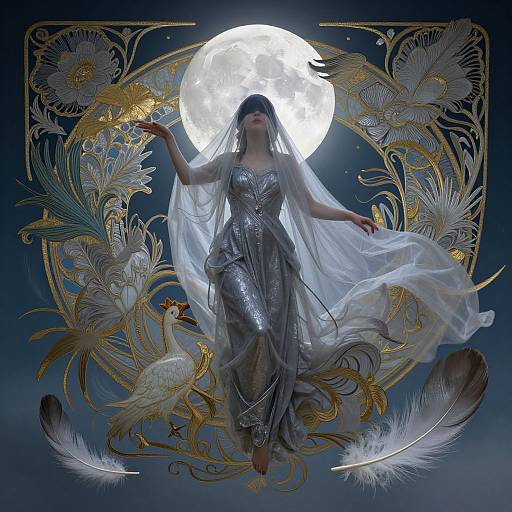 Digital artwork of a silver-clad woman with flowing veil, surrounded by golden and white floral patterns, and birds, under a full moon.
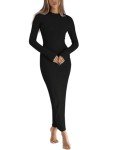 Trendy Black Bodycon Midi Dress for Women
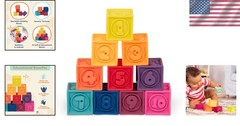 Multicolor Baby Blocks – 10 Non-Toxic Stacking Toys for Early Learning Play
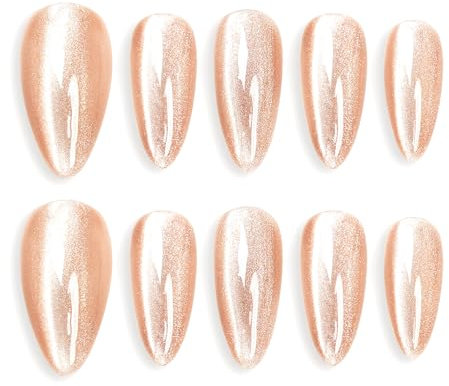 Sun&Beam Nails Handgefertigte Kunstnägel Mittel Lang Mandel Nägel zum Aufkleben in Beige Gelb Magnetisches Minimalistisch Glänzend Design mit Klebepads 10 Stück (#121 M)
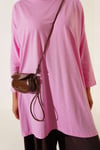 Yan Yırtmaçlı Basic Tunik Pembe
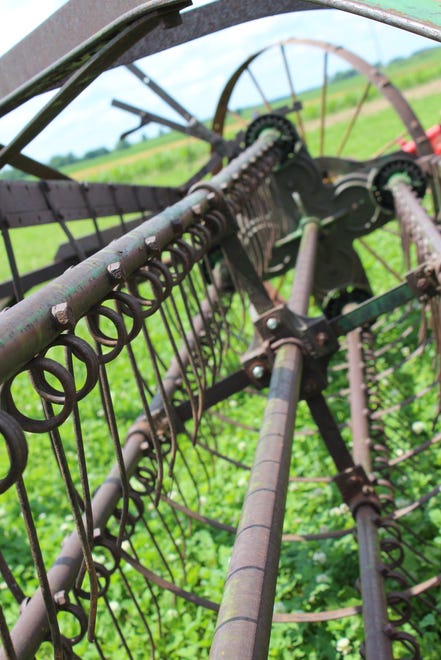 A vintage hay rake on display in the Heritage exhibit at Farm Technology Days in Clark County, July 12-14, 2022.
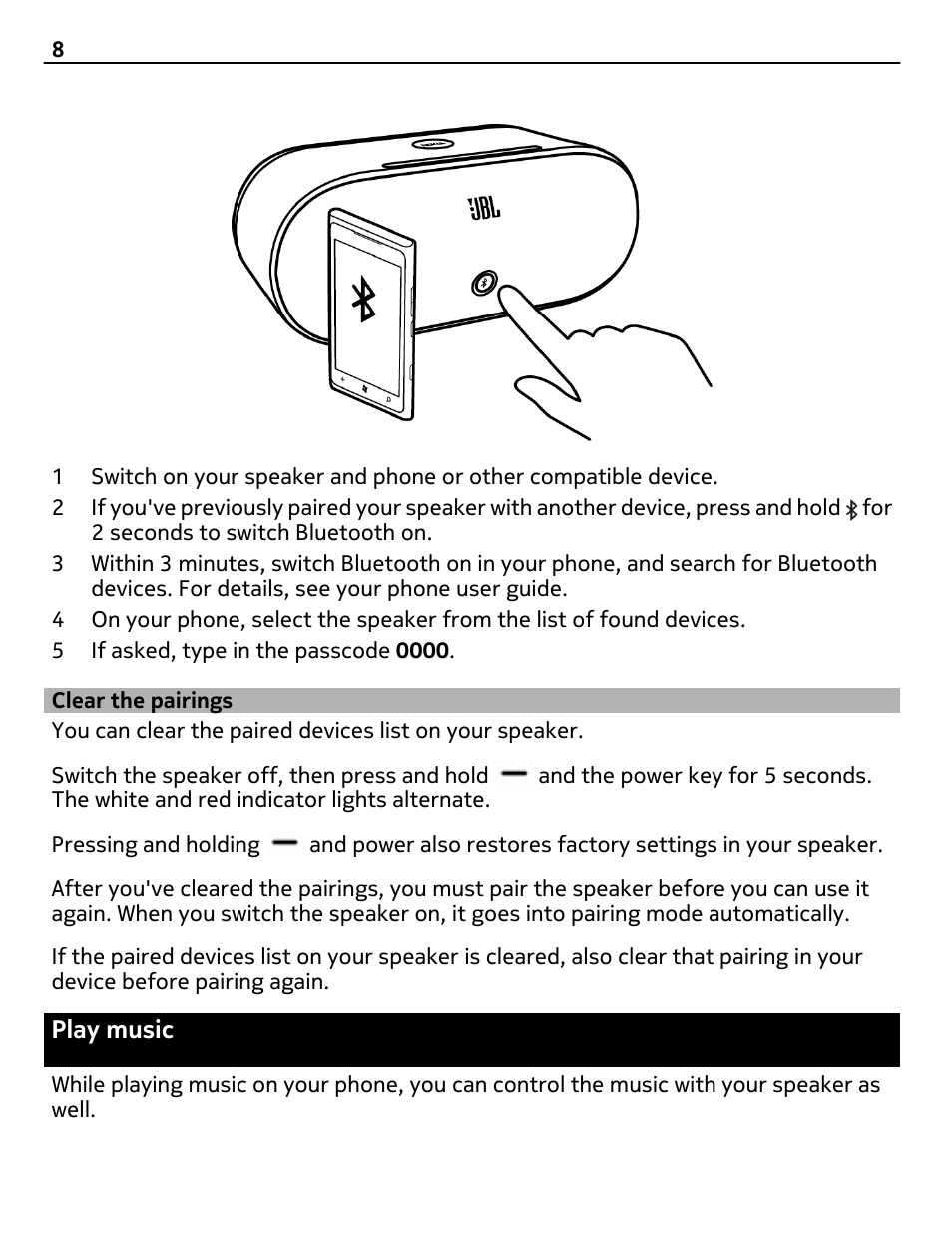 Clear the pairings, Play music | Nokia MD-100W User Manual | Page 8 / 13
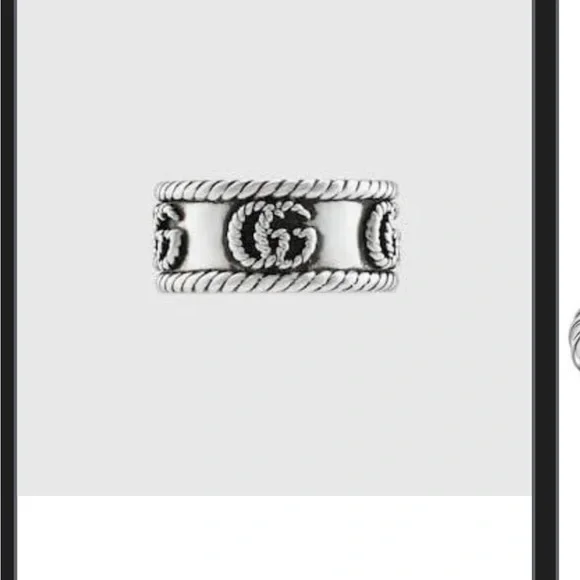 Gucci Silver Band with Rope Accents - Picture 2 of 6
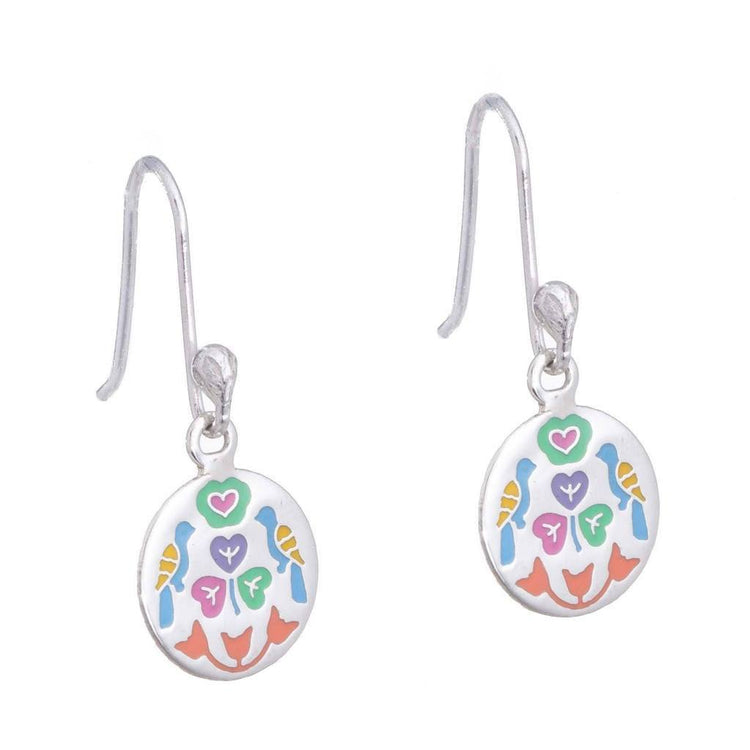 Aretes del amor esmaltados de plata
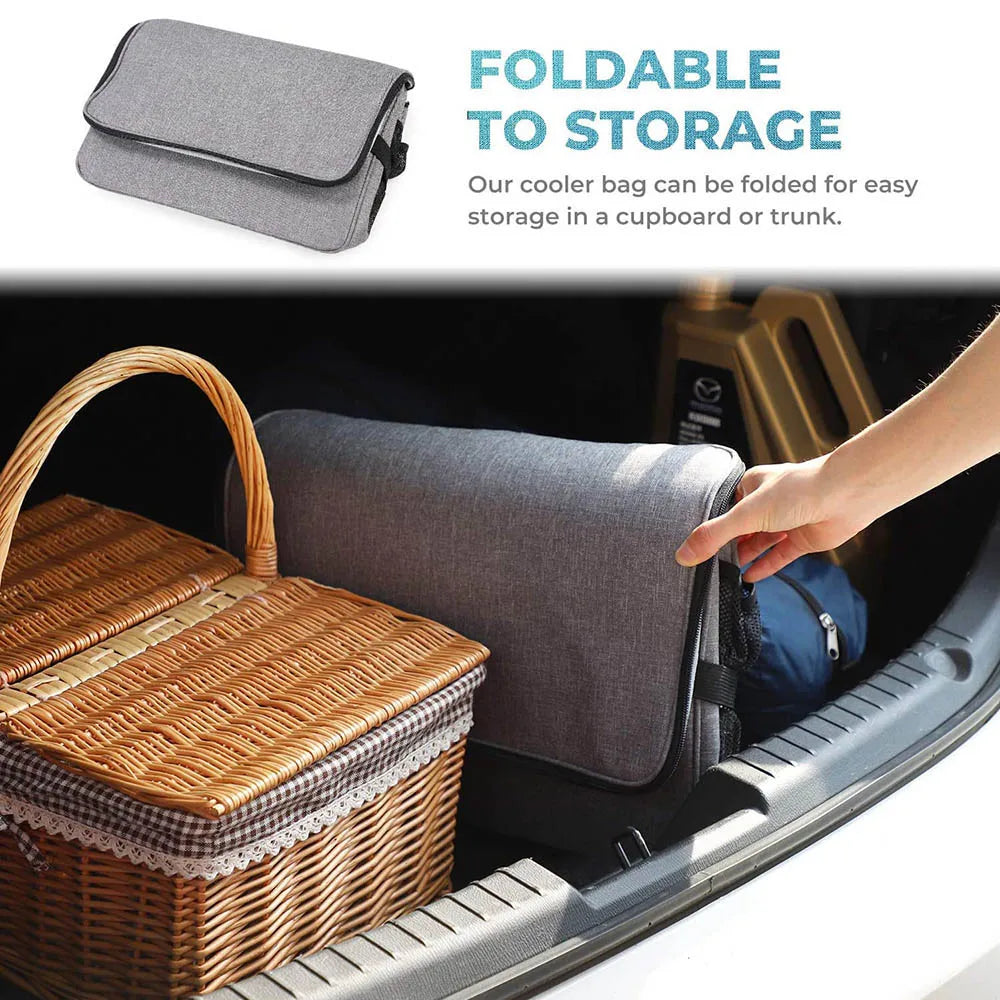 Bolsa térmica plegable de gran capacidad de 35L, bolsa de almuerzo para Picnic aislada.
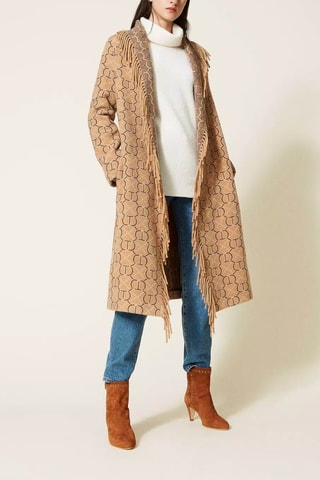 Manteau en laine - Beige et noir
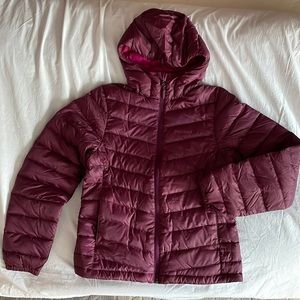 Marmot down jacket, size Small, dark wine color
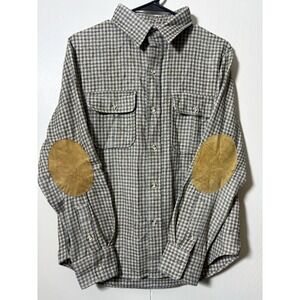 VTG Lord Jeff Wool Houndstooth Shirt Jacket Suede Elbow Patches USA M Hunting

====

**The problem**
Copy out only the lines beginning at the line with "Clear the pairings, Play" and ending at the last line of the entries. Keep them exact; drop pictures.

**Your response**
 Clear the pairings, Play music | Nokia MD-100W User Manual | Page 8 / 13
 Gucci Silver Band with Rope Accents - Picture 2 of 6
 Aretes del amor esmaltados de plata
 Bolsa térmica plegable de gran capacidad de 35L, bolsa de almuerzo para Picnic aislada.
 Manteau en laine - Beige et noir
 Marmot down jacket, size Small, dark wine color
 VTG Lord Jeff Wool Houndstooth Shirt Jacket Suede Elbow Patches USA M Hunting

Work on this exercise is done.